Real expression data are bounded. At the lower bound, a cell cannot express less than zero copies of a gene. There is also an upper limit of detection in any experimental setup and to the levels of RNA that can be produced when a promoter is fully occupied by the transcriptional machinery and transcribing at the maximum rate. These constraints produce sigmoid expression patterns. For this reason, Relos allows users to sigmoidally transform the output data. Users may explicitly tell Relos to transform the data. In this case, Relos uses a sigmoid transformation centered on the average expression for the simulation (see methods). Using the simulation expression mean to center the transformation allows rule-sets to be compared in terms of the variation present in the parsed promoters. Simulations with large variance will show a spread of values between zero and one. Simulations with little variance will, when transformed, cluster around the value of 0.5. One consequence of the mean-dependent transformation is that it is impossible to generate a transformed dataset in which all expression is either "on" or "off" since datasets with very little variation will result in midline expression when transformed. Users may therefore specify a rule at the end of the pipeline employing a custom analyzer to transform the data. Relos comes with a SigmoidalTransform analyzer (see Methods) that can be used for this purpose, but users may also provide their own transformations. The SigmoidalTransform analyzer uses four parameters (see Methods) to adjust the shape and scale of the transformation. These parameters are independent of the simulation dataset and determine an absolute scale of expression onto which all rule-sets are mapped. By using a consistent set of parameters, users can compare rule-sets with regard to their strength of expression and compare variances according to where the mean lies in the absolute expression scale. Since this transformation does not depend on the dataset, the absolute scale is arbitrarily determined by the choice of parameters and users should be careful to use rules consistent with the scale determined by the parameters.

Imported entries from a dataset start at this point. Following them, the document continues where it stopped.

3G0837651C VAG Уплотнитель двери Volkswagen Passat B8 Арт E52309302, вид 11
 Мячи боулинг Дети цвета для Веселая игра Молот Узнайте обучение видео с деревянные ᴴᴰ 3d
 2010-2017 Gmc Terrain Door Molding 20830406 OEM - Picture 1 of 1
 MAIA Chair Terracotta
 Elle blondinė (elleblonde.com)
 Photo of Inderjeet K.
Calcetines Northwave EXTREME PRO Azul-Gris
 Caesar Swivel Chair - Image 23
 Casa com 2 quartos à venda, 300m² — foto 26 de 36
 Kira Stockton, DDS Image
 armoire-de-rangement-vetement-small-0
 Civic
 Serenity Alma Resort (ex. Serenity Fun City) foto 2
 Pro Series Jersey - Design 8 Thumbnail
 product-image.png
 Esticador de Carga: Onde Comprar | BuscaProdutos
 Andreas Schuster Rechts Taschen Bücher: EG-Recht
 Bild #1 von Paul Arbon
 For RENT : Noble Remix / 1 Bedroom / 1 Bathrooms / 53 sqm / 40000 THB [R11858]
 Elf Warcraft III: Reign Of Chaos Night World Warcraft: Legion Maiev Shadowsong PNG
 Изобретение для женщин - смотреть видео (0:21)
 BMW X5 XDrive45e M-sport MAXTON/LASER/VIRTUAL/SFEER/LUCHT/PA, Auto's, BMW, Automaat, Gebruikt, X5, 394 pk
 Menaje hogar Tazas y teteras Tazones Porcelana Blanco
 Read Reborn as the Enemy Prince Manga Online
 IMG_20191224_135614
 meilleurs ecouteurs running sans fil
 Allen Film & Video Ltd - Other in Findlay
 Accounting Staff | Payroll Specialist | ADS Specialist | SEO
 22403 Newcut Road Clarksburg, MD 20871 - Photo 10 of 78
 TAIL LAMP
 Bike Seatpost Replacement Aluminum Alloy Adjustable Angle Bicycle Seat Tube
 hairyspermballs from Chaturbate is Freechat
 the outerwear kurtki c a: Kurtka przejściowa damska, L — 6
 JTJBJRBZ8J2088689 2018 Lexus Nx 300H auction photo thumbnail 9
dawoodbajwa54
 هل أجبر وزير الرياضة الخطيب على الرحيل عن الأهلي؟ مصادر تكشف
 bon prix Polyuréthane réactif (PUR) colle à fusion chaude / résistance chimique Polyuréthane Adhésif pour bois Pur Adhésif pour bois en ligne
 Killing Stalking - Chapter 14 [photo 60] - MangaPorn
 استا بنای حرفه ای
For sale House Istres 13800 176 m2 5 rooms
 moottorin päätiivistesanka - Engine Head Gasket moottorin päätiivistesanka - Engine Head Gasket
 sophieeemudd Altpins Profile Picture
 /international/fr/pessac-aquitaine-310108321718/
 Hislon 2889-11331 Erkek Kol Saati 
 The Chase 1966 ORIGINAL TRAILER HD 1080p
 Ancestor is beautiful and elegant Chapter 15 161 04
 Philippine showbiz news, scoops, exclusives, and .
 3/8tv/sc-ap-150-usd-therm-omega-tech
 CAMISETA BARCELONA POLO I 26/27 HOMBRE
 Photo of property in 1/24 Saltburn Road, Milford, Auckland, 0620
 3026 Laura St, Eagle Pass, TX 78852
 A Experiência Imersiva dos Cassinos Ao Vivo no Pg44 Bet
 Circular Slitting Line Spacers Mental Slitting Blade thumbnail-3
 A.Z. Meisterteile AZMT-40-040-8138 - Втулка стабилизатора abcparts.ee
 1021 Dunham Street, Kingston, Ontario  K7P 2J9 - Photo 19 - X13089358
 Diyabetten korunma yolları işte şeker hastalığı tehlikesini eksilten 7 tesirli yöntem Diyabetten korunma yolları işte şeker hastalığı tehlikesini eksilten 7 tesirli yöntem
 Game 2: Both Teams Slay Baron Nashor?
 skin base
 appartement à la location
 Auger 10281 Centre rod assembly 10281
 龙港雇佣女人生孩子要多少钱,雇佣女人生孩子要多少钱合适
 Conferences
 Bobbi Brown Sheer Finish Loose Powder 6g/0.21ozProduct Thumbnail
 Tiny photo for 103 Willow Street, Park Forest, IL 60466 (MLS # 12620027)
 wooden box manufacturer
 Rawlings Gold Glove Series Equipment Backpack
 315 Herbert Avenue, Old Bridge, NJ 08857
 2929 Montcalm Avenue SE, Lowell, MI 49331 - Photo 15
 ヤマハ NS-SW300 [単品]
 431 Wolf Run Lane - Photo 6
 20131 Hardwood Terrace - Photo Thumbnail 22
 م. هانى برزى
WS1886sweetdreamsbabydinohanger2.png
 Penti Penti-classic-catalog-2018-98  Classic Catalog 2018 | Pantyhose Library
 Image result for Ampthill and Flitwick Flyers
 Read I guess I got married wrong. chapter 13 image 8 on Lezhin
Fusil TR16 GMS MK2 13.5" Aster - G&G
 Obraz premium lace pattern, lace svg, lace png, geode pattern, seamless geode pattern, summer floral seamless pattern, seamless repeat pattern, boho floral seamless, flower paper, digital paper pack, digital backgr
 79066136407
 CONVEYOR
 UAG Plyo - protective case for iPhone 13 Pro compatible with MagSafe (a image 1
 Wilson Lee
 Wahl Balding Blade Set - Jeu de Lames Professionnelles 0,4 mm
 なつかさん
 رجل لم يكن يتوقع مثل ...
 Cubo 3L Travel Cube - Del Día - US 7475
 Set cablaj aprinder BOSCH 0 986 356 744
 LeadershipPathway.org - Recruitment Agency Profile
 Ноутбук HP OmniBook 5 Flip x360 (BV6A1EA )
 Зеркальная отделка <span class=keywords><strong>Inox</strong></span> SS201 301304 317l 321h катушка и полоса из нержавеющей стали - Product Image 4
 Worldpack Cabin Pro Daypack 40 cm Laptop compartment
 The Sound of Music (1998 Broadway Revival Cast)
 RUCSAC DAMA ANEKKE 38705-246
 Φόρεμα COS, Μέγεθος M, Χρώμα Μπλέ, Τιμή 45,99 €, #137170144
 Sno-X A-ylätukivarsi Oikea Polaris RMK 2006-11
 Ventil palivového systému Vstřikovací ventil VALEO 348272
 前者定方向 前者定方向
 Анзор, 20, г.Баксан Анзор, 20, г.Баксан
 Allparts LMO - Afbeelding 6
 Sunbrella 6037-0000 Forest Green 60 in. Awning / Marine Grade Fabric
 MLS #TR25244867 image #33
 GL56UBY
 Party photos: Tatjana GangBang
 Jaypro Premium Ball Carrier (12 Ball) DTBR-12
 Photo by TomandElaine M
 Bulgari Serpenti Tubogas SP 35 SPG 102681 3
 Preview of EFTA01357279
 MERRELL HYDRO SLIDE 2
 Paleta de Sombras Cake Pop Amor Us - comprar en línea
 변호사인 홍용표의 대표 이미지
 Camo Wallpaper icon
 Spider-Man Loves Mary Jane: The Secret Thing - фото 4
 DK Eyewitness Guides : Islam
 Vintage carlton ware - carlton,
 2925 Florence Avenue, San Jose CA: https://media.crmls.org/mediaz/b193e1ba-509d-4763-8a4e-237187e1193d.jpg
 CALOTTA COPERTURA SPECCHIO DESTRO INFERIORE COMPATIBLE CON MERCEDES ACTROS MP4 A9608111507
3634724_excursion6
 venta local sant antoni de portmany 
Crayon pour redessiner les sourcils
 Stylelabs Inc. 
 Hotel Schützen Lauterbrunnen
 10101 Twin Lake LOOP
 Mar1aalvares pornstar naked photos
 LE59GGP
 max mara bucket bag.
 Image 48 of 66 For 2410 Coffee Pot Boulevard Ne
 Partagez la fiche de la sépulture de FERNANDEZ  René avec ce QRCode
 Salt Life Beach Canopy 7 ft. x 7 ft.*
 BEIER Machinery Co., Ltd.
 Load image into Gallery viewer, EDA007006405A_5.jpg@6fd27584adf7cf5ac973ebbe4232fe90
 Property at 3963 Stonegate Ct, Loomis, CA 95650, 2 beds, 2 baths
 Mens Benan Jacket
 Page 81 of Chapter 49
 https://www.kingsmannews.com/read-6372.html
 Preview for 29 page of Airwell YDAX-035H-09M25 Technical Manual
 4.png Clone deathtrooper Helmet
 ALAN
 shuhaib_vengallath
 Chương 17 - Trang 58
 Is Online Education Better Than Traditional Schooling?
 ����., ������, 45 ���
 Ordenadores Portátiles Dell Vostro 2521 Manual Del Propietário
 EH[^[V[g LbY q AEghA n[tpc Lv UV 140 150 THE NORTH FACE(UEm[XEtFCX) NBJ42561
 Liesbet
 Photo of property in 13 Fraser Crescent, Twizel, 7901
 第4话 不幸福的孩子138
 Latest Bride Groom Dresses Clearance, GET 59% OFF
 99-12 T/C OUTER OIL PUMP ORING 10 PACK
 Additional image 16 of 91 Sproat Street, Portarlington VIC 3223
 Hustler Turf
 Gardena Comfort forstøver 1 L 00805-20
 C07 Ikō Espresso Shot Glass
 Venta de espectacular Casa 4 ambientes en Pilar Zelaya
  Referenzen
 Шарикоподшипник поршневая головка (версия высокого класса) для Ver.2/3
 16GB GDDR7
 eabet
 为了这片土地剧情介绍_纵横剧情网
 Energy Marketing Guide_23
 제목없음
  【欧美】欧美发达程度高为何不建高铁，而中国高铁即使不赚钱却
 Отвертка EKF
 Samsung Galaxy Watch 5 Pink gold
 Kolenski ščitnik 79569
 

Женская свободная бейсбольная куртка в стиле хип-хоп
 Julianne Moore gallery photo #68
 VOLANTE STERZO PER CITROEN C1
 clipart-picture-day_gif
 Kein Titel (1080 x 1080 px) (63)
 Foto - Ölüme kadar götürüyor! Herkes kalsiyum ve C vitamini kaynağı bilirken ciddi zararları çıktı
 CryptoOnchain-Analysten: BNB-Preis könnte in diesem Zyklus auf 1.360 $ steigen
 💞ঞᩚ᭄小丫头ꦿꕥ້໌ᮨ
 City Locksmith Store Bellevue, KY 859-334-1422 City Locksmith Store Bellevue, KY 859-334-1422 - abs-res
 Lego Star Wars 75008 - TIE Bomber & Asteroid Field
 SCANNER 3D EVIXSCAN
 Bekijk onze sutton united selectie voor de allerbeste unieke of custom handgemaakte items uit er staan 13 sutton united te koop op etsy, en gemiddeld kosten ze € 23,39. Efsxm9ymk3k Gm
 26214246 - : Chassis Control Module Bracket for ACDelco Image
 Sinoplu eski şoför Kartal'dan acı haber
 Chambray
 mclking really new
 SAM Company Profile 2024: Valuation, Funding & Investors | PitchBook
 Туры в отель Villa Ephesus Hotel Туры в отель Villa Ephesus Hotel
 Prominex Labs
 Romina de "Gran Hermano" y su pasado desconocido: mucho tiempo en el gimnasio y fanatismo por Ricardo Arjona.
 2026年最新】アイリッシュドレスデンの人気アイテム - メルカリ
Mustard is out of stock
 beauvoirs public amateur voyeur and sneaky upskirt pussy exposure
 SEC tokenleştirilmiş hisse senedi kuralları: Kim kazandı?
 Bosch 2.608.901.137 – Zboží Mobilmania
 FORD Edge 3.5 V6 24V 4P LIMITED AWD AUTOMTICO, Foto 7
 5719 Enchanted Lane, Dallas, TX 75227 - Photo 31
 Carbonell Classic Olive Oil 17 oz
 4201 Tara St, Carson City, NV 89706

In addition to rules, their analyzers and constraints, and transformation parameters, the XML simulation file contains other adjustable attributes for the simulation. For example, after the promoters have been interpreted using the current rule set, Gaussian noise is added by the simulator with a user defined standard deviation. Relos is also capable of generating random promoters based on user-defined properties, such as promoter length, cis-regulatory elements and their frequencies and outputting promoters in either fasta or Relos format. These synthetic promoters can be used directly by the simulator. For more details, see Methods.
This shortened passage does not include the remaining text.